The age of practical AI had finally arrived and future developments came quickly, as the age随着时代的到来,实用人工智能的时代终于到来,未来的发展很快
of modern computing was also happening.现代计算技术也在进步。
It was about this time that the real impact就在这个时候,真正的影响来了
of Moore’s law became apparent.摩尔定律变得显而易见。
Moore’s law refers to Gordon Moore, one of Intel’s摩尔定律指的是英特尔的戈登·摩尔
founders, who stated in 1965: “The number of transistors per square inch on integrated他在1965年说过:“每平方英寸集成的晶体管数量
circuits has doubled every year since their invention.”自从发明以来,电路的数量每年都翻倍。”
This exponential growth in density seems to correlate nicely with the incredible这种密度的指数增长似乎与令人难以置信的事情密切相关
improvement in computer performance, which is so sorely need for AI improvement andgrowth计算机性能的改进,这是人工智能改进和改进的迫切需要增长
Significant milestones where reached in the 1990s, including the impressive win in20世纪90年代达到的重要里程碑,包括令人印象深刻的胜利
1997 by IBM’s Deep Blue computer system over world grand-champion chess master,1997年,IBM的深蓝计算机系统战胜国际象棋世界冠军,
Garry Kasparov.卡斯帕罗夫。
Despite how impressive this win was, there was cold water thrown on尽管这场胜利给人留下了深刻的印象,但却泼了一盆冷水
this event.这一事件。
The stark reality of the win should be tempered by the following observation接下来的观察应该缓和这场胜利的严峻现实
of McCarthy when he was asked specifically about a computer winning Go, a traditional当麦卡锡被问及电脑围棋获胜的具体情况时,他的回答是传统的
Chinese board game:中国游戏:
The Chinese and Japanese game of Go is also a board game in which中国和日本的围棋也是一种棋盘游戏
the players take turns moving.球员们轮流移动。
Go exposes the weakness of our present围棋暴露了我们现在的弱点
understanding of the intellectual mechanisms involved in human game playing.理解人类游戏中的智力机制
Go programs are very bad players, in spite of considerable effort围棋程序是非常糟糕的玩家,尽管有相当大的努力
(not as much as for chess).(不像下棋手那样)。
The problem seems to be that a position in问题似乎在于
Go has to be divided mentally into a collection of suppositions which围棋必须在心理上分为一系列假设
are first analyzed separately followed by an analysis of their interaction.首先分别进行分析,然后分析它们之间的相互作用。

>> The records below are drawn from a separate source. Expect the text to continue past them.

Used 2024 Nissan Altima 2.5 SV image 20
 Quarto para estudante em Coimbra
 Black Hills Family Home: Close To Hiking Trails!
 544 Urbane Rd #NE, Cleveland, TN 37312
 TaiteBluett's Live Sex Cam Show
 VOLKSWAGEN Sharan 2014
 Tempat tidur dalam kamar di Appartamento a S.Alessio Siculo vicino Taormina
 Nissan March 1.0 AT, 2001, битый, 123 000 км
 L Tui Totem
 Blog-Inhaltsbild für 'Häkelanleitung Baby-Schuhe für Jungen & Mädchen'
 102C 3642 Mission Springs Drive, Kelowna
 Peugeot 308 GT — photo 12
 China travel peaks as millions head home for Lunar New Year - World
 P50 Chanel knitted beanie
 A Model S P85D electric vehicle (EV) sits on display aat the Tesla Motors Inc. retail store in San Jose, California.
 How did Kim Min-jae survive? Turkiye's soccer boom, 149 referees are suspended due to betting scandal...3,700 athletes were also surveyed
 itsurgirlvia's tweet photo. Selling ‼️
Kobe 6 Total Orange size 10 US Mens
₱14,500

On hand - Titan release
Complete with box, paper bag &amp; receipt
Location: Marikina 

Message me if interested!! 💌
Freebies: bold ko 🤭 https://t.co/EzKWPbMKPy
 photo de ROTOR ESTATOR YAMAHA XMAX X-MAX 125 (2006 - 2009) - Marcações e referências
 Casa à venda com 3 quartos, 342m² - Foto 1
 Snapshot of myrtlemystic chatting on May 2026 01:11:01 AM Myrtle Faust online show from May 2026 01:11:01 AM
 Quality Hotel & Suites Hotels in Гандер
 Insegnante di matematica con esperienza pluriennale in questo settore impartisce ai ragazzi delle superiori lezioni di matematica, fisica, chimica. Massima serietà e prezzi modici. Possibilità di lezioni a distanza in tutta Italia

Humans use this in chess also, but chess programs consider the position人类在国际象棋中也使用这个,但是国际象棋程序会考虑位置
as a whole.作为一个整体。
Chess programs compensate for the lack of this intellectual国际象棋程序弥补了这种智力的缺乏
mechanism by doing thousands or, in the case of Deep Blue, many比如深蓝,就有很多
millions of times as much computation.几百万倍的计算量。
This prescient analysis should assuage any reader’s fear that computers are any这种先见之明的分析应该会减轻任何读者对计算机的恐惧
nearer obtaining a human-level intellect featured in many science fiction movies,更接近于在许多科幻电影中出现的人类智力水平,
including The Terminator series, 2001: A Space Odyssey, and the classic War Games.包括《终结者》系列、《2001太空漫游》和经典的战争游戏。
There is a long way to go and much more research to be completed before computing systems在计算机系统出现之前,还有很长的路要走,还有很多研究要完成
become truly intelligent.成为真正的智能。
This is the subject of the next section.这是下一节的主题。